What does Matlab do?  If your choice is different, I am sure that we
will see bug reports about it.
In Matlab:
 str = 'aäbc'
str =
aäbc
str(1)
ans =
a
str(2)
ans =
ä
str(3)
ans =
b
str(4)
ans =
c
whos str
  Name      Size            Bytes  Class    Attributes
  str       1x4                 8  char               


So in Matlab one "char" has a size of 2 bytes. On the other hand, in Octave
one "char" has 1 byte.
This is a known difference.  Matlab uses wide chars (wchar_t) which is 16 bits, rather than regular char (8 bits).

Do we want to change the way Octave stores its char class? Initially I was
in favor of keeping the relation of 1 byte = 1 char (hence using UTF-8). But
it would make indexing more straight forward if we changed to UTF-16 (1
"char" = 2 bytes).
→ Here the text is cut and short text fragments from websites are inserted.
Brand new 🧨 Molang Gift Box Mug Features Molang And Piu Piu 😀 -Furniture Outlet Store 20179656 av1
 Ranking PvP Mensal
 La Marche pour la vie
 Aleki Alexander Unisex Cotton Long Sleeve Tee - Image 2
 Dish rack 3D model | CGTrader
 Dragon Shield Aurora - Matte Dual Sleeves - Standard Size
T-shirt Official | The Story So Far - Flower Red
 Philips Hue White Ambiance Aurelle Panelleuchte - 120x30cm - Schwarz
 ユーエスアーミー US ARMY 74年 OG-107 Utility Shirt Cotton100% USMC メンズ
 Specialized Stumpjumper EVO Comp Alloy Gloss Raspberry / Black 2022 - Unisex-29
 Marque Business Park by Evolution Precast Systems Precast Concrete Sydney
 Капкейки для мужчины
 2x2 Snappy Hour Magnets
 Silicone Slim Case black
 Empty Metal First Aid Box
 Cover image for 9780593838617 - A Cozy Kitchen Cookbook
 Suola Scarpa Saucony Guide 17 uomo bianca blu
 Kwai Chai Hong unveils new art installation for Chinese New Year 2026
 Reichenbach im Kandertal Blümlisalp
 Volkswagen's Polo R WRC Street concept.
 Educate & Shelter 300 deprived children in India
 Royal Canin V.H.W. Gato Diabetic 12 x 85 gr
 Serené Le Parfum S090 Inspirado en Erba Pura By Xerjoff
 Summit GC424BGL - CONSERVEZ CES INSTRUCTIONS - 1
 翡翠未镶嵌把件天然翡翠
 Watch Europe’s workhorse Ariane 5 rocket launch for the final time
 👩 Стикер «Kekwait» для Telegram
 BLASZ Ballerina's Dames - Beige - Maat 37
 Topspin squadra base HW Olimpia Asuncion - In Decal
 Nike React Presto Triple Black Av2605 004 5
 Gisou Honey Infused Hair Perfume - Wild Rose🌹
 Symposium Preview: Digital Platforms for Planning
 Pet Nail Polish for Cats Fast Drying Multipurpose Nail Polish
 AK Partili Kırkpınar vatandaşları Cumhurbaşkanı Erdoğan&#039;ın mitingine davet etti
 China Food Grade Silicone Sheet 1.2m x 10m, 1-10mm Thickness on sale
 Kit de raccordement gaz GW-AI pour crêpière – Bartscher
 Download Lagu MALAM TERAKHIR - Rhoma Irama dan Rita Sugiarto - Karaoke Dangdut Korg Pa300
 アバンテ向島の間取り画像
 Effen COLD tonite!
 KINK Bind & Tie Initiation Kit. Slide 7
At least when it comes to the BMP which encompasses
characters from most current scripts.

A first step towards this could be to add "from_u8", "to_u8", ("from_u16",
"to_u16") methods to our char class. 
Than we would need to identify all places in the code where we construct
char arrays from external sources (.m files, terminal, reading from files,
...) and where we pass strings to external sources (library functions,
writing to files, ...).
When this is done we might be able to switch the internal representation
from C-"char" to "uint16_t" without breaking everything...

Do you think that this is feasible?

If we want perfect compatibility we may be driven this way, but it will be a lot of work.  Part of the point of Octave is to rely on good quality code found in external libraries, so there are a lot of interfaces (regexp in PCRE, file operations in stdlib, font rendering libraries, external programs via pipes like gnuplot, etc.).  Is the gain in compatibility going to be worth the pain of implementing this?